Saturday, May 17, 2008

And now I'm ready to feel your hand / And lose my heart on the burning sands

One of my cinematic joys is the work of pioneering Scottish director Bill Forsyth. I don’t know how many times I’ve watched Gregory’s Girl (ok, everybody had a thing for Claire Grogan back then and I wasn’t immune, don’t ask why now) or Comfort and Joy. I smile at the mere thought of Dickie Bird and the Glasgow Ice Cream wars. Sadly Hollywood chewed up Forsyth and this hugely influential director has only made a single film in the past 20 years, apparently broken by the process in California.

My favourite Forsyth film deals with the modern world treading, somewhat harshly, upon a quiet, isolated village in the Scottish Highlands. It’s called Local Hero and it’s a truly wonderful hour and eleven minutes (despite having a soundtrack tie to the odious Mark Knoffler).

Tonight we had a Local Hero moment or two.

We’d decided to go to a charity dinner to support BARC…The Bali Adoption Rehabilitation Centre. There are three or four charity organisations dedicated to the welfare of Bali dogs. The state of many of the dogs on this island is both heartbreaking and disgraceful and there seems little impetus with any governmental agencies here to do the simple thing and pass an animal welfare law or two. It’s not hard really and it's to Indonesia's shame that they have not.

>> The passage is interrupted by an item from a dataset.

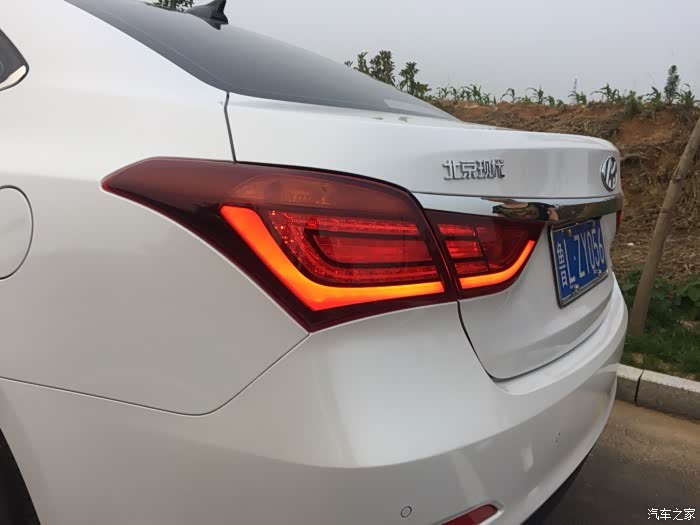 名图新老款led尾灯哪种好看本人很纠结各位给点意见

The dinner was at a place called Medahan, north east of here, just off the highway to hell..the Sanur to Candidasa roadway, which may or may not compete with the Semerang to Jepara road as the most dangerous road on this planet. Grossly overloaded trucks meander along at 120km, often on the wrong side of the road, pausing only to overtake you, usually into oncoming traffic on a two lane bridge. This morning a truck decided that the best time to overtake me was when I overtaking a bemo..thus turning this two lane death trap into a three lane death trap. Said truck had painted out most of the glass on his windscreen excepting a small star, which gave excellent forward vision.

belongFortunately the traffic police are on top of this…stopping tourists and motorbikes, usually when it’s close to lunch or dinner time, as these steaming overloaded behemoths roar past, about to take out a family of eight crowded into a four seat 1997 Suzuki Jimny (whom I should add, are also overtaking on bridges and blind corners).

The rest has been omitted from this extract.